#### [Task statement]
Copy the listing below letter for letter, passing over each picture.

#### [Input data]
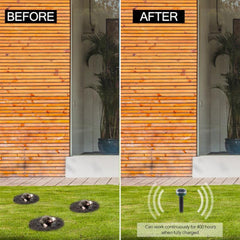 Inovativni solarni uređaj za odbijanje krtica i glodara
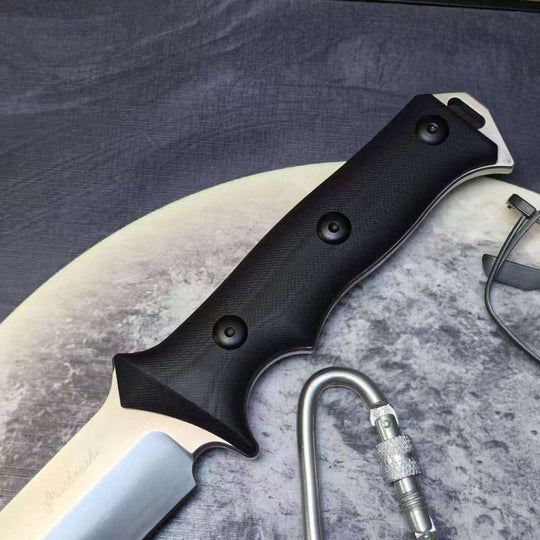 Roadblock, Survival Fixed Blade Knife, G10 handle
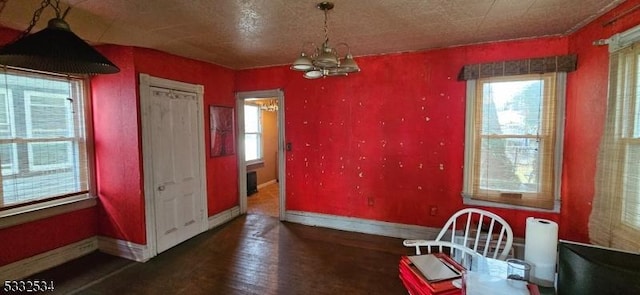 dining area featuring a chandelier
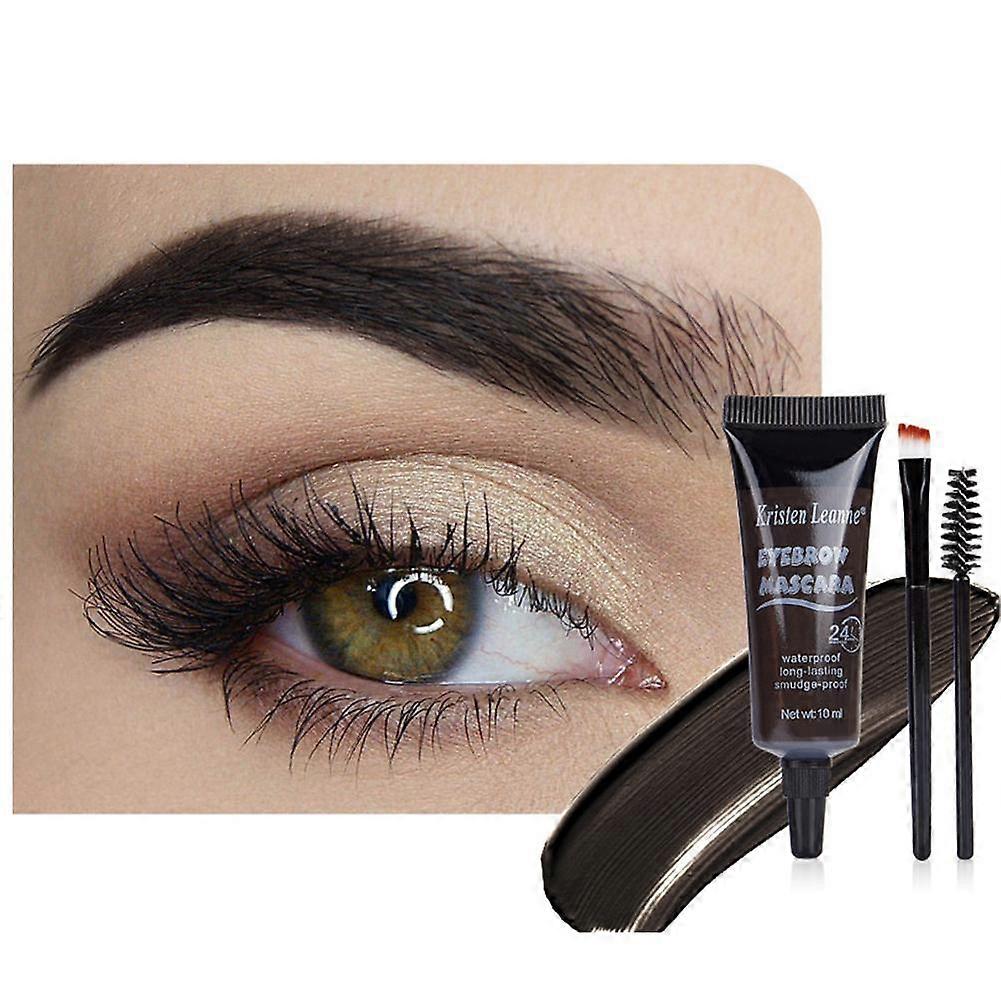 Waterproof Eyebrow Gel Tint Defines Shapes and Fills Brows with Long Lasting Hold for Natural Full Look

#### [Result of the task]
 Inovativni solarni uređaj za odbijanje krtica i glodara
 Roadblock, Survival Fixed Blade Knife, G10 handle
 dining area featuring a chandelier
 Waterproof Eyebrow Gel Tint Defines Shapes and Fills Brows with Long Lasting Hold for Natural Full Look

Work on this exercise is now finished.